In a news report this morning by Times reporter Aubrey Gibavic, Ms. Scott's varied accounts of why she did what she did, how she attempted to communicate news of her actions to her colleagues - by slipping copies of her letter under a door in the Oak Bluffs town hall - how she's worried that the personal services contract might be an attempt to bust the municipal unions add up to nothing but grandstanding and its cousin, balderdash. In particular, the notion that Duncan Ross, the staunchest and most formidable negotiator the Island teachers union ever had and now the chairman of the Oak Bluffs selectmen, would be a party to union busting practices is astonishingly irrational. It must be that she says it, but she doesn't really think it. And that is also the likely explanation for Ms. Scott's insinuation that the outgoing town administrator chose her moment to leave because she knew that the special services contracts were improper.
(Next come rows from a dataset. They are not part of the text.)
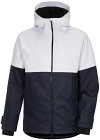 Didriksons Orust Unisex Jacket takki, valkoinen/musta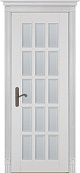 Схожие товары - Дверь ОКА массив ольхи Лондон №2 эмаль белая, стекло матовое осветленное с фацетом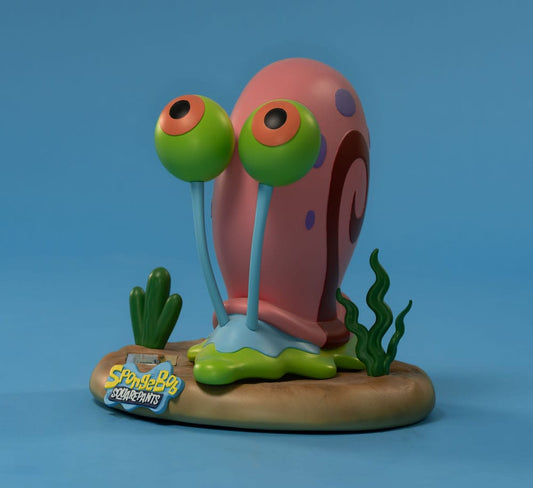 Bob Esponja Estatua tamaño real Gary 46 cm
It's nothing better than a sidewinding way to launch an unfounded attack without seeming to.

Oak Bluffs voters need to pay attention here. Ms. Scott's hard work will lead to two consequences, each deplorable in its own way and both disadvantageous to the interests of town voters and taxpayers. If Ms. Scott is successful, she will hobble the town's government in a net of political battles, all without foundation or purpose, and she will paralyze the leadership so that what is important to voters gets no efficient attention at all.

In the end, the sound and fury will lead to nothing but wasted opportunities, wasted money, and stagnation for Oak Bluffs voters and taxpayers.